Of course the swamp hunter made haste to explain.

“Yuh see, suh, these is a party o’ No’the’n boys as belong to the scouts. They kim down thisaway on a matter o’ bizness, an’ wanted tuh see what a reg’lar Louisiana swamp she looked like. So I ’grees tuh pilot ’em round a bit.”

“Do you mean the Boy Scouts, Tom?” demanded the sheriff, eagerly; “because, while we ain’t got so far along down heah as to have a troop o’ the same, I know what they stand fo’, an’ I surely am glad to meet up with some o’ the lot. If so be ye come ashore, I’d like to shake hands with ye, boys.”

“And we’ll count it a great honor, Mr. Sheriff,” said Giraffe, just as quick as he could speak, and taking the words right out of Thad’s mouth as it were; but then it was an old trick with Giraffe, and one he never could be cured of.

No one offered the slightest objection to paddling close up to the land, and going ashore. Bumpus was heard to mutter something to himself, however, and might be expected to keep an anxious eye on the two hounds that were straining at their rope leashes, as though wanting to either go on, or else make a closer acquaintance with these newcomers.

So the friendly sheriff proceeded to shake hands all around.

“Even down in this neck o’ the woods we done heah more or less about what’s goin’ on all over,” he remarked, as he came to Thad, in whom he seemed to recognize the leader of the little band; “and I often thought I’d like to meet up with some o’ these heah Boy Scouts. I got the manual they drill by, an’ it meets with my unqualified approval, I wants to say right heah. I hain’t got nary a boy, but if my five gals was sech, I’d want to start a patrol right away in my town. An’ meetin’ you chaps thisaway gets me more’n ever in the notion to try an’ see if we cain’t have a troop o’ our own.”

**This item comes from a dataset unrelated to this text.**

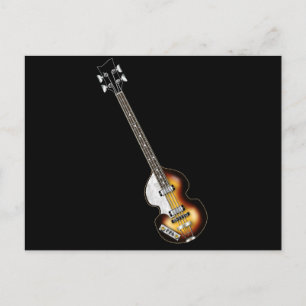Violin Bass Guitar Briefkaart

“I’m glad to hear you say that, Mr. Sheriff,” declared Thad; “if you’d care to take my address, and I could do anything at all to help you in the matter, you can depend upon it I will. You’re in something of a hurry just now, but perhaps later on we may happen to meet again when things are a little more quiet; and I’d like to tell you dozens of things that have happened to the Silver Fox Patrol, that you’d like to hear; and also what a big difference it’s made with some of our members.”

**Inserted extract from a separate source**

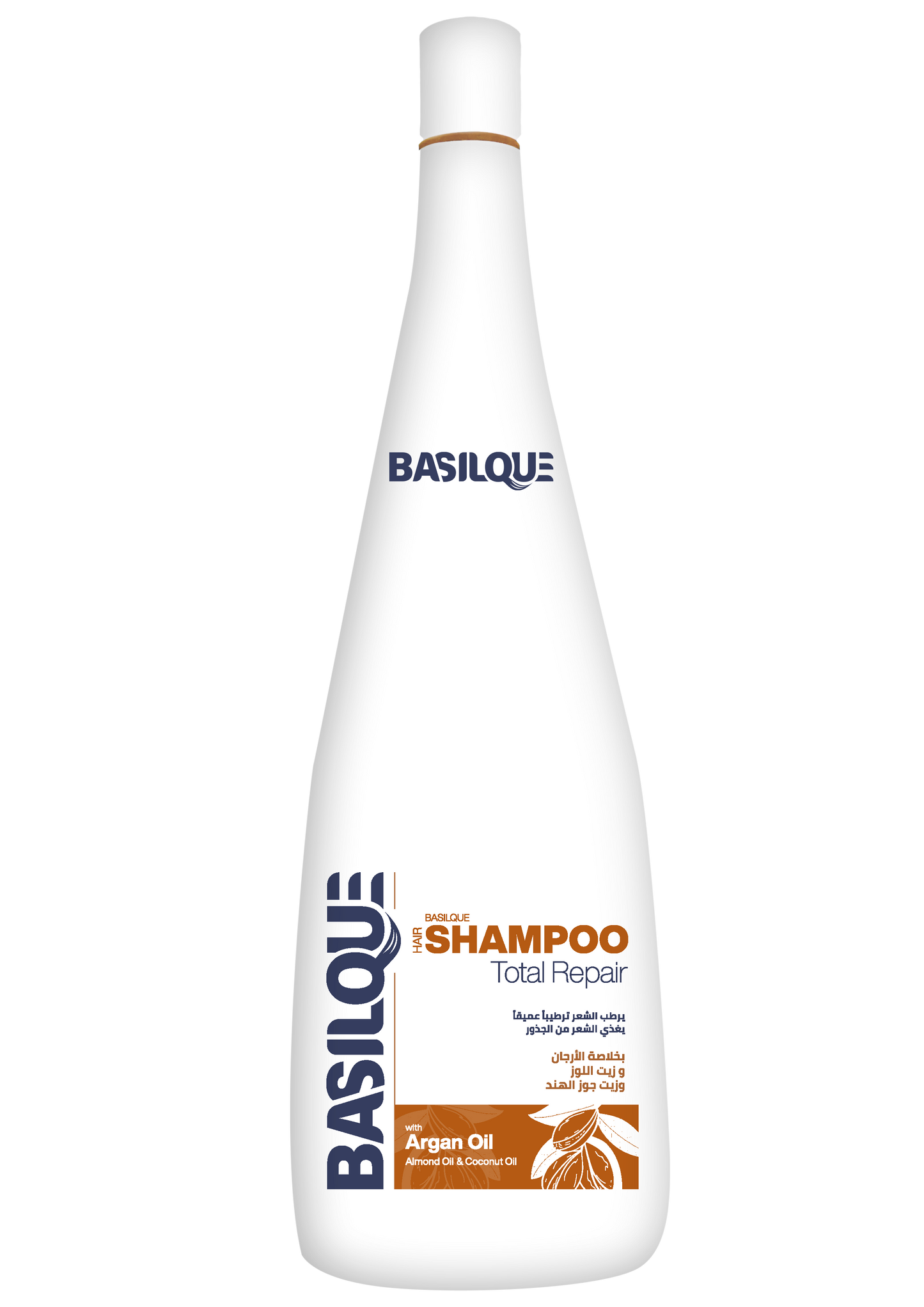 Basilque shampoo with argan oil , coconut oil and almond oil, 500 ml, fl01022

“That’s sure kind of you, my boy,” said the sheriff, while the crowd listened eagerly to all that was being said, and some of the younger elements began poking each other in the ribs, as though they saw good times coming should the officer ever put his contemplated plan into operation; for things must have been pretty dull for boys down in that region so far removed from the hurly burly of metropolitan life. “I hope now I’ll meet up with that chant, beca’se there’s a heap o’ things I’d like to ask you. But jest as you say, I’m up to my ears in business right now, and it wouldn’t be just the thing to pull up before this old swamp has been run over east and west, no’th and south, with a fine-tooth comb, till we gits every law-breaker it hides, or else chases ’em into the open, where they’ll be easy to corral.”

“Tom Smith has been telling us considerable about the way this place has been used for years and years to hide runaway slaves, escaped convicts from the camps, and all sorts of bad men; and it’ll be a blessing to the whole community, sir, if you succeed in exterminating the vicious breed,” said Smithy, assuming his most important air.